A high-performance REST API serving 200,000 products with cursor-based (keyset) pagination, built to demonstrate how to paginate large datasets without duplicates or skipped items — even when new data is inserted mid-pagination.
- Backend: Node.js, Express 5
- Database: MongoDB (Mongoose ODM)
- Hosting: Render Link (Render) / MongoDB Atlas
- UI: Single static HTML/CSS/JS page (no framework)
git clone https://github.com/prefierolasoledad/CodeVector-product-tasks.git
cd CodeVector-product-tasks
npm installCopy the example env file and fill in your values:
cp .env.example .envMONGO_URI=mongodb://localhost:27017/codevector # or your Atlas connection string
PORT=5000npm run seedThis inserts 200k products in batched insertMany() calls (~40 batches of 5,000). It drops the collection first, so it's safe to re-run.

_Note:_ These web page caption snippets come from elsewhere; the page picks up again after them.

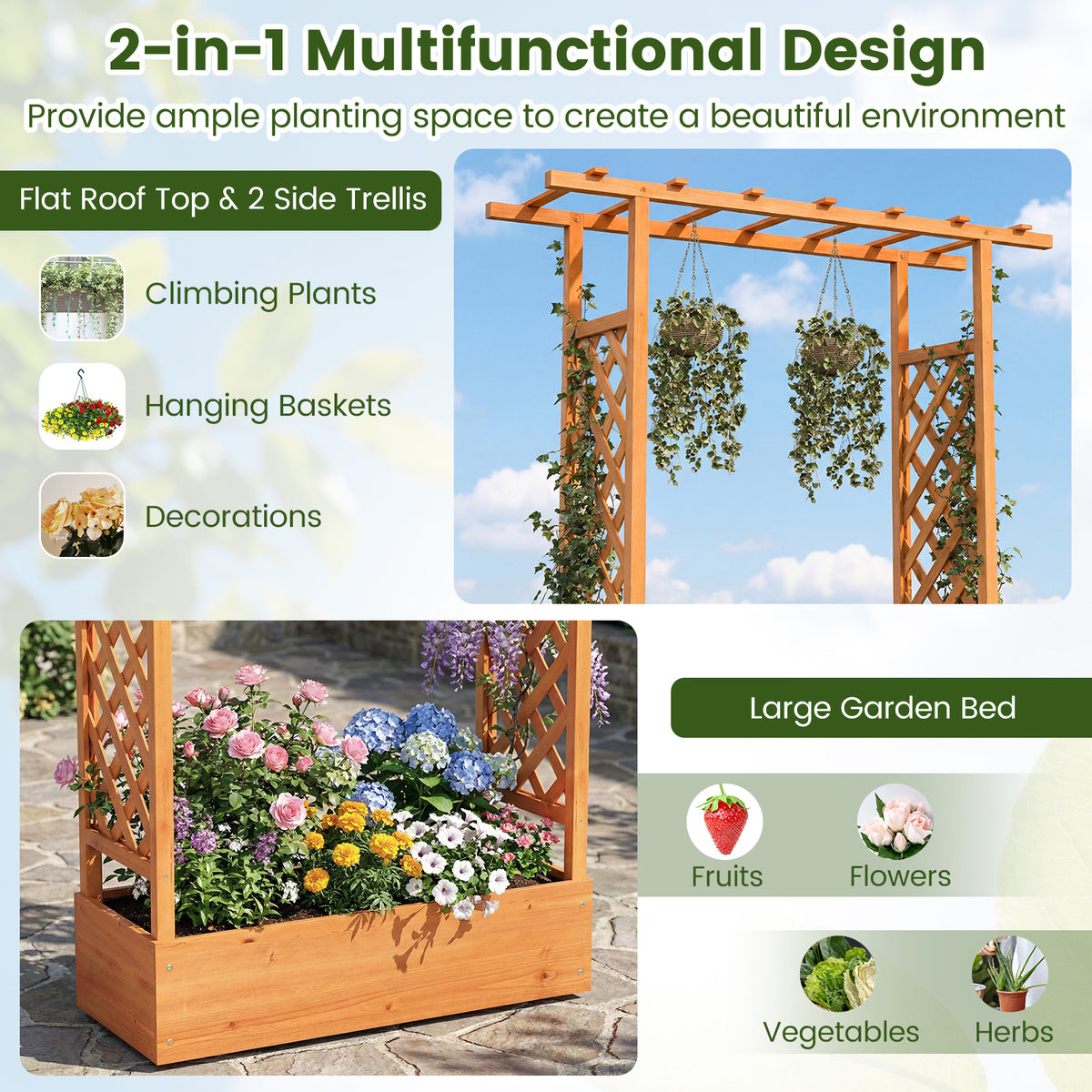 114cm Tall Wooden Raised Garden Bed with Side Trellis and Hanging Roof-Orange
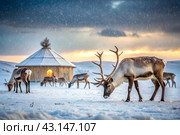 Reindeer graze against the background of a tundra landscape and a winter yurt. Snow is falling. Snowstorm. Стоковое AI-изображение, AI-художник Photojuli / Фотобанк Лори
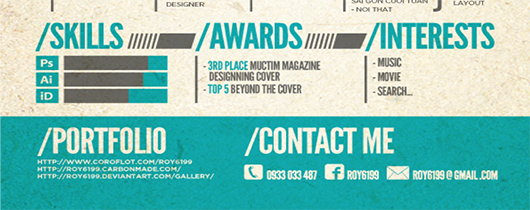 Creative CV awards section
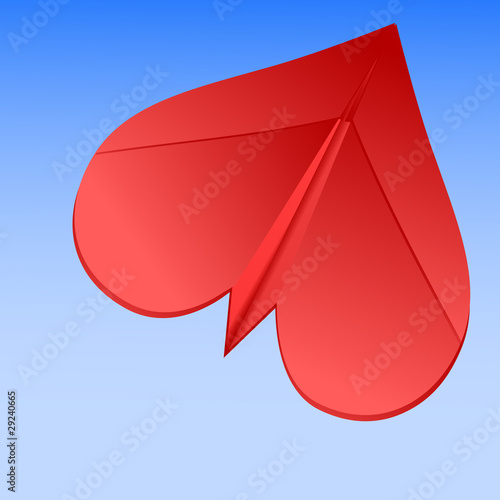 Heart paper airplane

You'll see per-batch progress and a final count + index verification.
npm run dev # development (nodemon hot-reload)
npm start # productionThe UI is served at http://localhost:5000 and the API is available at the same origin.
Paginated product listing, sorted newest-first.
| Param | Type | Default | Description |
|---|---|---|---|
limit |
number | 20 | Page size (1–100) |
category |
string | — | Optional category filter (exact match) |
cursor |
string | — | Opaque cursor from a previous response's nextCursor |
Response:
{
"data": [
{
"_id": "6a3a79b65dfb2ccc3c311869",
"name": "Vintage Charger",
"category": "Electronics",
"price": 782.04,
"createdAt": "2026-06-23T12:13:33.766Z",
"updatedAt": "2026-06-23T12:13:33.766Z"
}
],
"nextCursor": "eyJjcmVhdGVkQXQiOiIyMDI2LTA2LTIzVDEyOjAzOjAyLjYwM1oiLCJfaWQiOiI2YTNhNzliNjVkZmIyY2NjM2MzMTE4NjQifQ"
}nextCursorisnullwhen there are no more results (last page).- The cursor is a Base64url-encoded JSON containing
{ createdAt, _id }— clients should treat it as opaque.
Returns all distinct product categories (for populating a filter dropdown).
Response:
{
"data": ["Automotive", "Beauty", "Books", "Clothing", "Electronics", "..."]
}The problem with offset pagination:
skip(N)must walk through N documents on every call — it's O(n) and gets slower linearly with page depth. At 190k depth on this dataset,skip()takes ~252ms vs ~2ms for cursor pagination (~126× faster).- When new data is inserted while a user is paginating, offset-based pages shift: items get duplicated or skipped entirely. There's no way to fix this without locking or snapshots.
How cursor pagination solves both:
- The cursor encodes the last seen
(createdAt, _id)pair. The next page query uses a$ltrange condition to fetch only items after that position in the sort order. MongoDB seeks directly to that position via the index — O(log n), examining onlylimitdocuments regardless of depth. - A new product inserted at the top has a
createdAtgreater than everything already fetched, so it will never appear in a$ltrange query for a cursor a user already holds — no duplicates, no skips for pages already turned. It correctly shows up if the user restarts from page 1. - An update to an existing, already-passed product doesn't change its
createdAt, so it doesn't move and doesn't get duplicated either.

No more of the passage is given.